GLDF Revue : Points de Vue Initiatiques 1T/1979

La Voûte étoilée

Les ciels des temples maçonniques sont bleus, cloutés d'étoi­les. Un bleu tendre et clair, le bleu des loges bleues et des cordons de Maître, un bleu de plein jour, bien différent du bleu-nuit des ciels étoilés qui voûtent quelques-uns des plus beaux tombeaux égyp­tiens. Bien différent, car il s'agit d'un symbolisme sans rapport. Point de nuit au-dessus de nos têtes, mais les étoiles rendues visibles de midi à minuit par la Lumière de la Loge.

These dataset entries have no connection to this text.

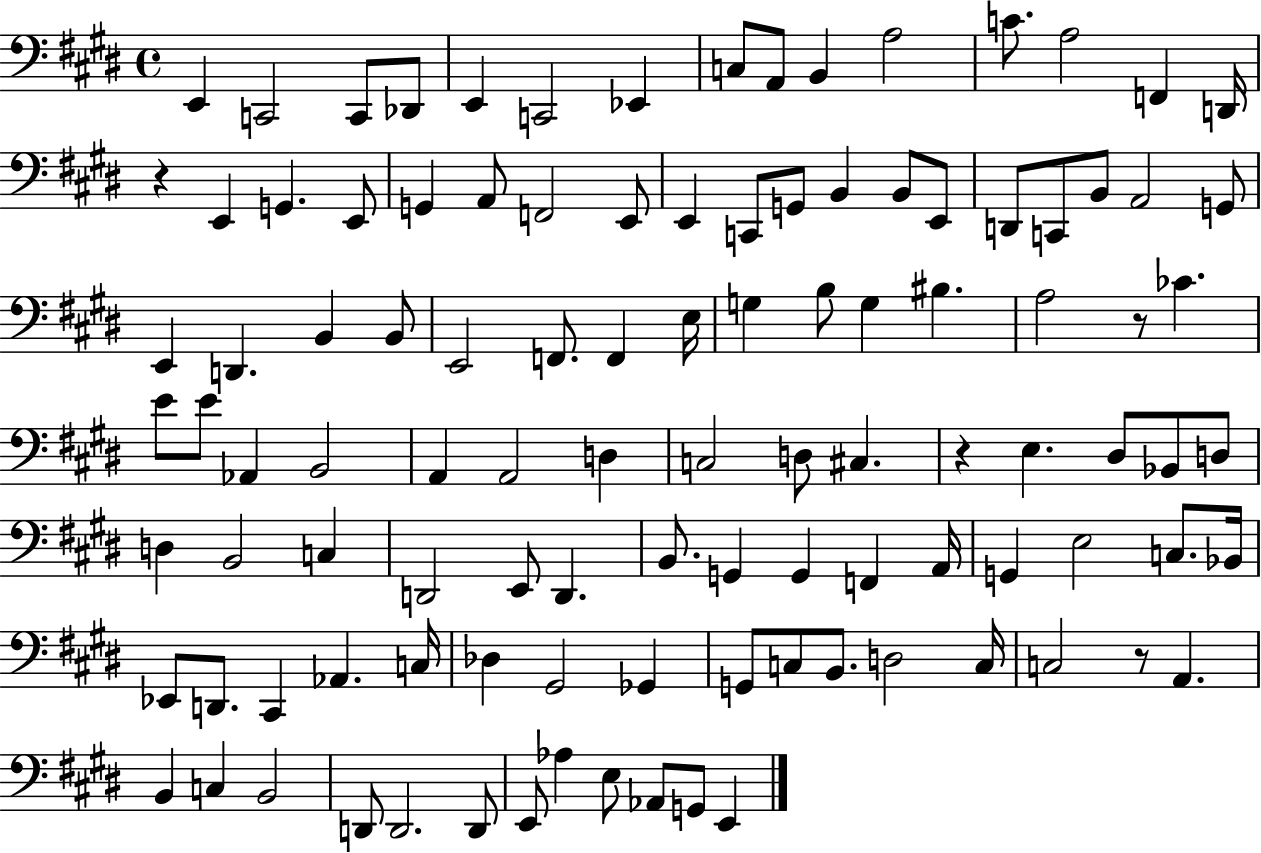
{
  \clef bass
  \time 4/4
  \defaultTimeSignature
  \key e \major
  e,4 c,2 c,8 des,8 | e,4 c,2 ees,4 | c8 a,8 b,4 a2 | c'8. a2 f,4 d,16 | \break r4 e,4 g,4. e,8 | g,4 a,8 f,2 e,8 | e,4 c,8 g,8 b,4 b,8 e,8 | d,8 c,8 b,8 a,2 g,8 | \break e,4 d,4. b,4 b,8 | e,2 f,8. f,4 e16 | g4 b8 g4 bis4. | a2 r8 ces'4. | \break e'8 e'8 aes,4 b,2 | a,4 a,2 d4 | c2 d8 cis4. | r4 e4. dis8 bes,8 d8 | \break d4 b,2 c4 | d,2 e,8 d,4. | b,8. g,4 g,4 f,4 a,16 | g,4 e2 c8. bes,16 | \break ees,8 d,8. cis,4 aes,4. c16 | des4 gis,2 ges,4 | g,8 c8 b,8. d2 c16 | c2 r8 a,4. | \break b,4 c4 b,2 | d,8 d,2. d,8 | e,8 aes4 e8 aes,8 g,8 e,4 | \bar "|."
}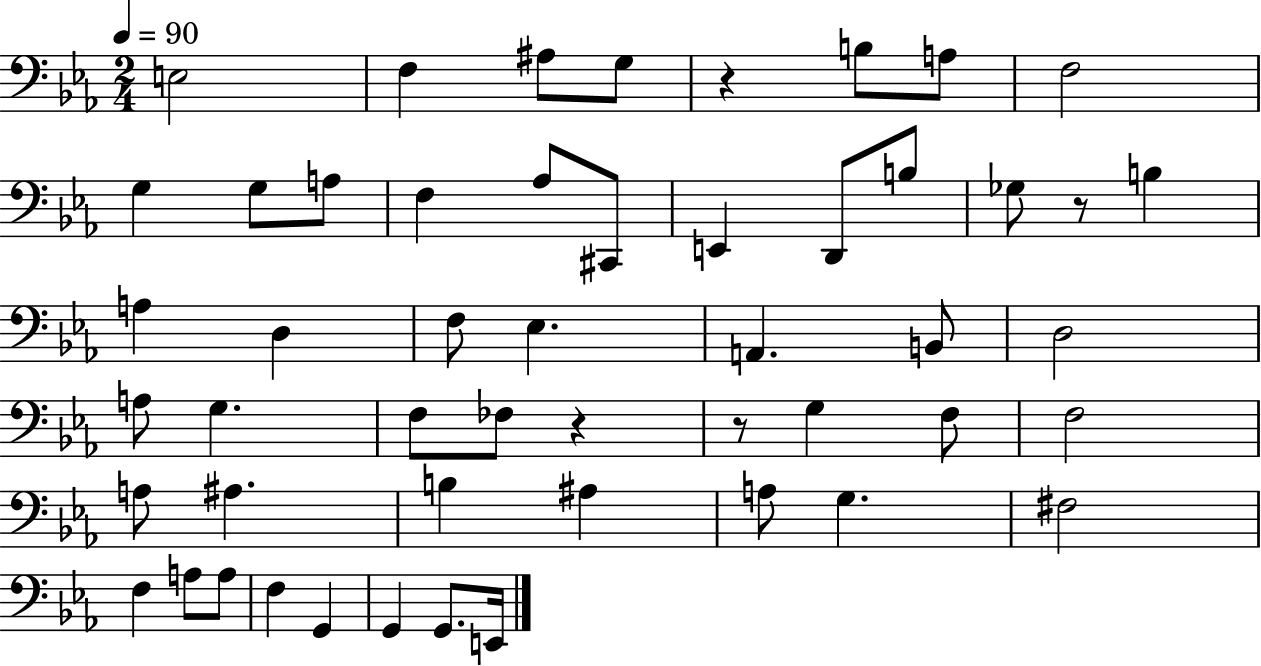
E3/h F3/q A#3/e G3/e R/q B3/e A3/e F3/h G3/q G3/e A3/e F3/q Ab3/e C#2/e E2/q D2/e B3/e Gb3/e R/e B3/q A3/q D3/q F3/e Eb3/q. A2/q. B2/e D3/h A3/e G3/q. F3/e FES3/e R/q R/e G3/q F3/e F3/h A3/e A#3/q. B3/q A#3/q A3/e G3/q. F#3/h F3/q A3/e A3/e F3/q G2/q G2/q G2/e. E2/s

Même ceux qui ne savent presque rien de la Franc-Maçonnerie rattachent à notre tradition le symbolisme du Temple inachevé, à ciel ouvert. Ils vous diront, avec ou sans ironie, que les Francs- Maçons prétendent élever une construction déclarée par eux-mêmes interminable, ce qui permet de ne point juger trop sévèrement l'apport de chacun. Le langage courant a d'ailleurs adopté, en la galvaudant, notre expression « apporter sa pierre à l'édifice Malheureusement, il s'agit bien souvent de saluer par cette for­mule toute faite la touchante bonne volonté de celui qui n'a pas abouti faute de temps, de moyens ou d'envergure.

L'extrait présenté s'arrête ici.